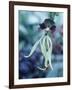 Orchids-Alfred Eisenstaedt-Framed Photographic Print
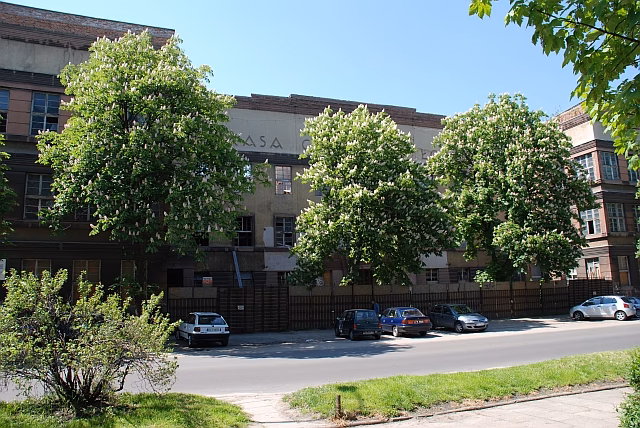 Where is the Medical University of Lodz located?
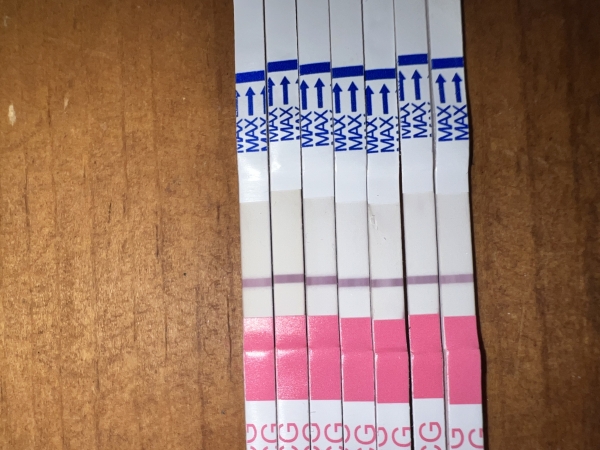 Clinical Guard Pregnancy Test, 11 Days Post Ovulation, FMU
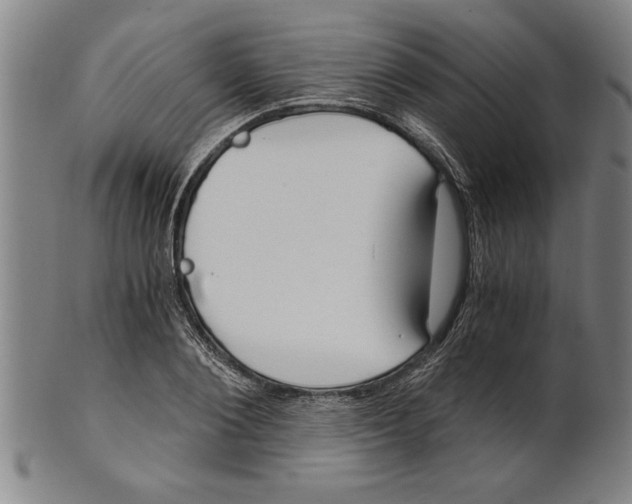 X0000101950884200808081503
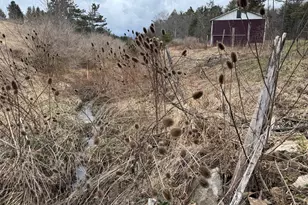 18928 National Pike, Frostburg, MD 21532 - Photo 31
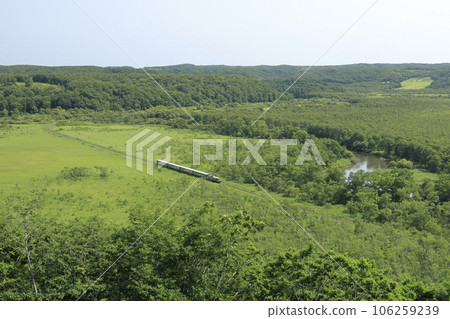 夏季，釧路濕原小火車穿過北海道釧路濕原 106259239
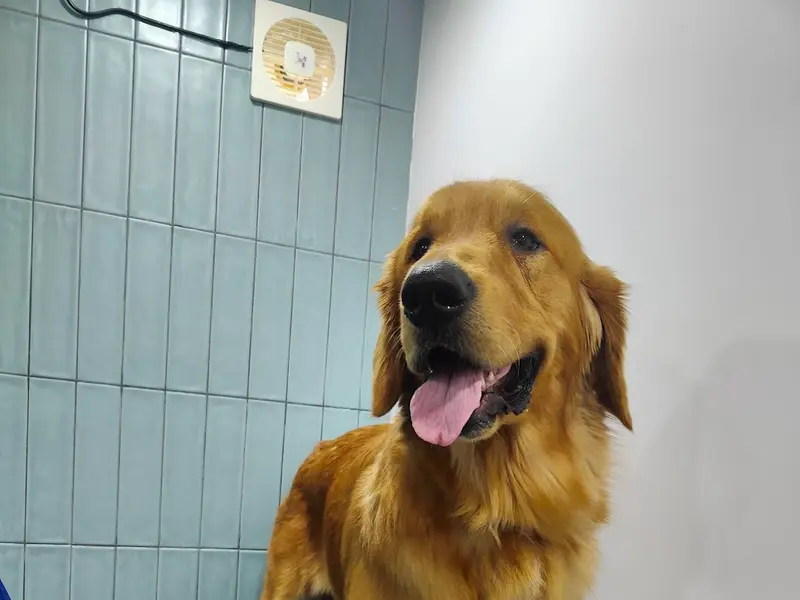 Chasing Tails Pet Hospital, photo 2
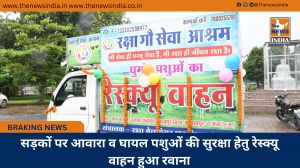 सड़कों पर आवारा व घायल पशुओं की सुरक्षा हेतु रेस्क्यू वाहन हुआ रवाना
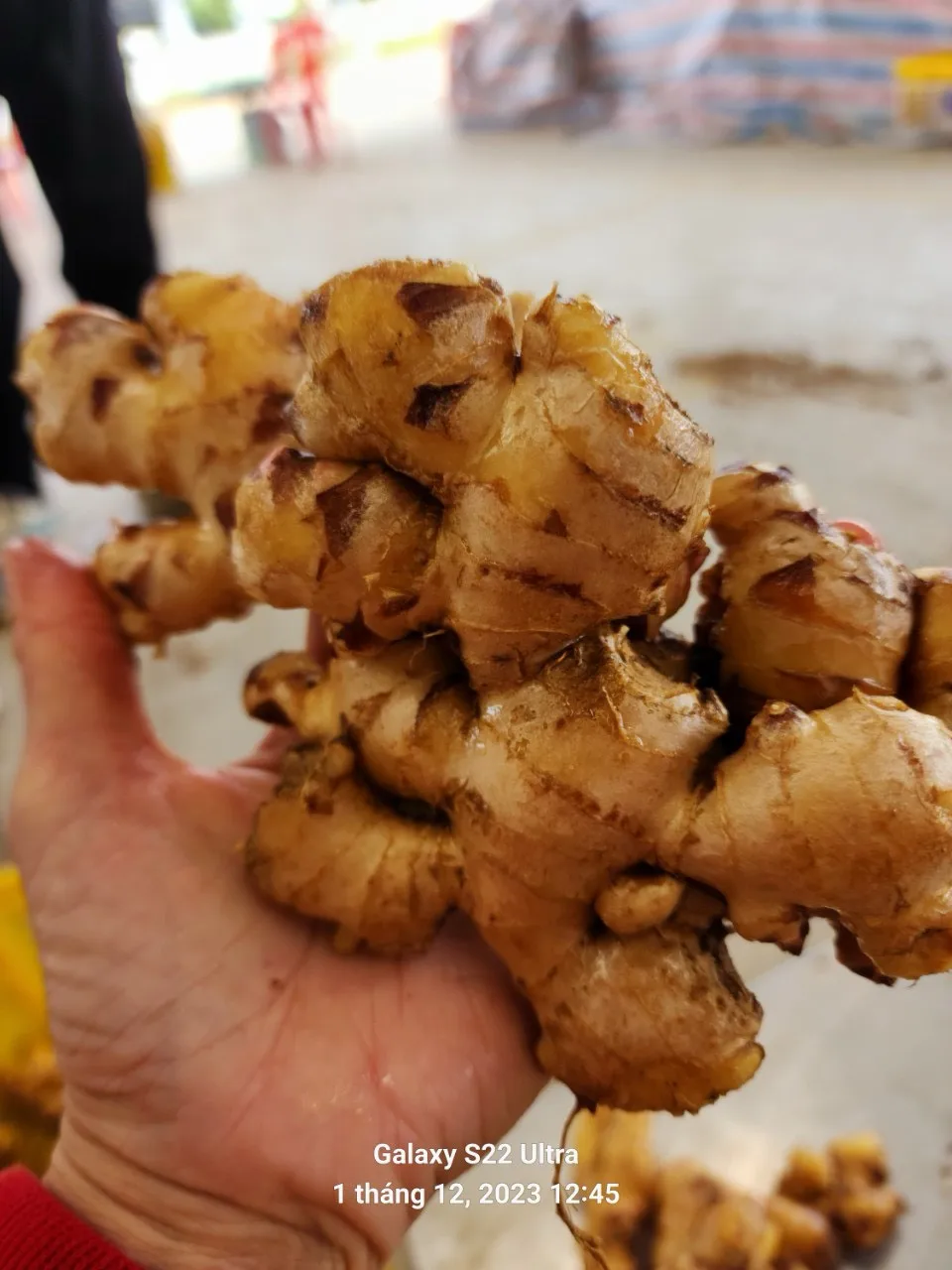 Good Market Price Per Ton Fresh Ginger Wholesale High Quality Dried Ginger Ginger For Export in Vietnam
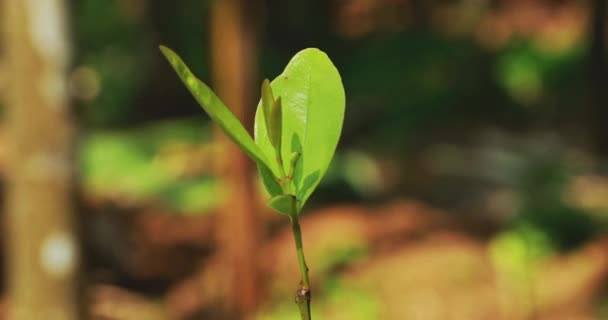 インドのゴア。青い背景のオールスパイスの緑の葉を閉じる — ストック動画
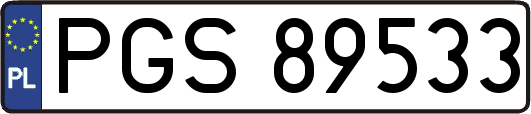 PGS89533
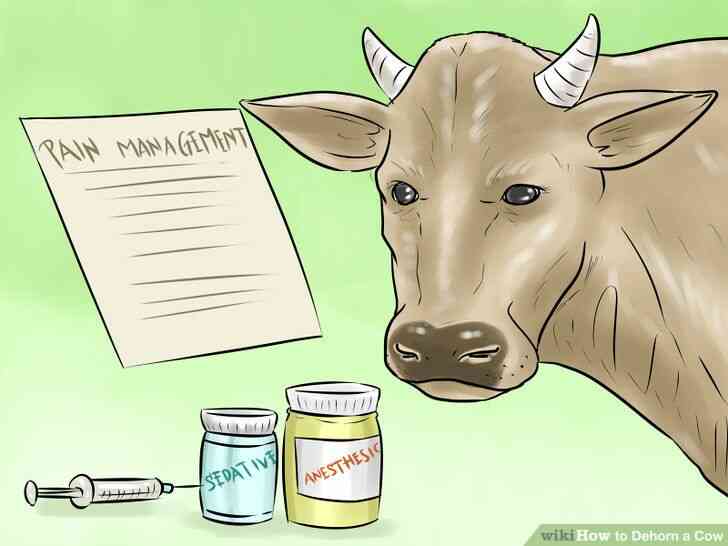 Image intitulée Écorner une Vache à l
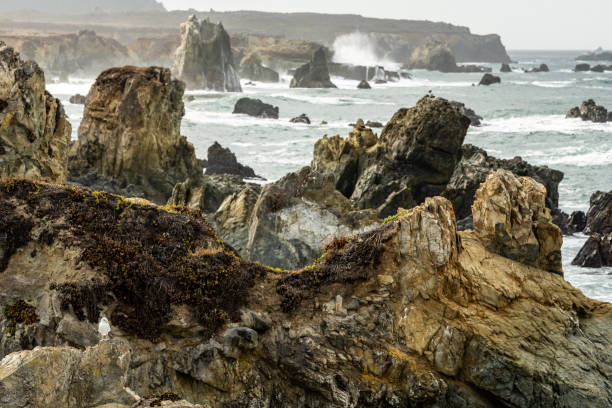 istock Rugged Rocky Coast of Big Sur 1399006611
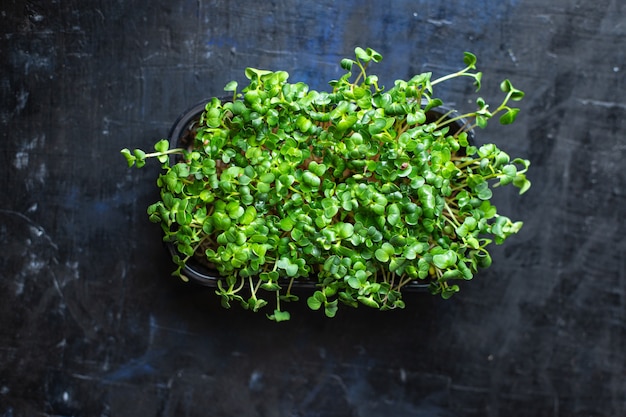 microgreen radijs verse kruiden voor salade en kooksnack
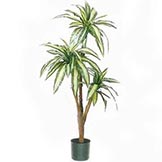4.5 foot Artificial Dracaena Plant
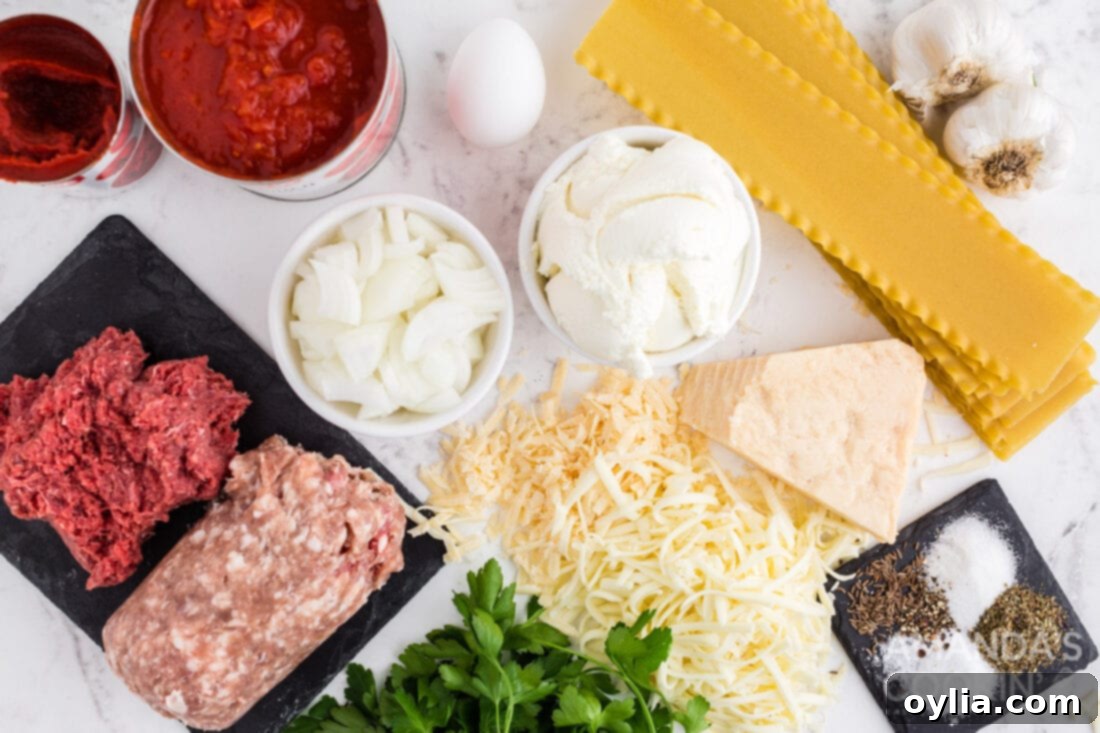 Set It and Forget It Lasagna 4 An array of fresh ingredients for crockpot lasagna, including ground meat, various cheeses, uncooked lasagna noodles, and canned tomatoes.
____________
Every line of the listing is to be repeated exactly, and the pictures are to be dropped.

_Solution to this exercise_
 Orchids-Alfred Eisenstaedt-Framed Photographic Print
 Where is the Medical University of Lodz located?
 Clinical Guard Pregnancy Test, 11 Days Post Ovulation, FMU
 X0000101950884200808081503
 18928 National Pike, Frostburg, MD 21532 - Photo 31
 夏季，釧路濕原小火車穿過北海道釧路濕原 106259239
 Chasing Tails Pet Hospital, photo 2
 सड़कों पर आवारा व घायल पशुओं की सुरक्षा हेतु रेस्क्यू वाहन हुआ रवाना
 Good Market Price Per Ton Fresh Ginger Wholesale High Quality Dried Ginger Ginger For Export in Vietnam
 インドのゴア。青い背景のオールスパイスの緑の葉を閉じる — ストック動画
 PGS89533
 Image intitulée Écorner une Vache à l
 istock Rugged Rocky Coast of Big Sur 1399006611
 microgreen radijs verse kruiden voor salade en kooksnack
4.5 foot Artificial Dracaena Plant
 Set It and Forget It Lasagna 4 An array of fresh ingredients for crockpot lasagna, including ground meat, various cheeses, uncooked lasagna noodles, and canned tomatoes.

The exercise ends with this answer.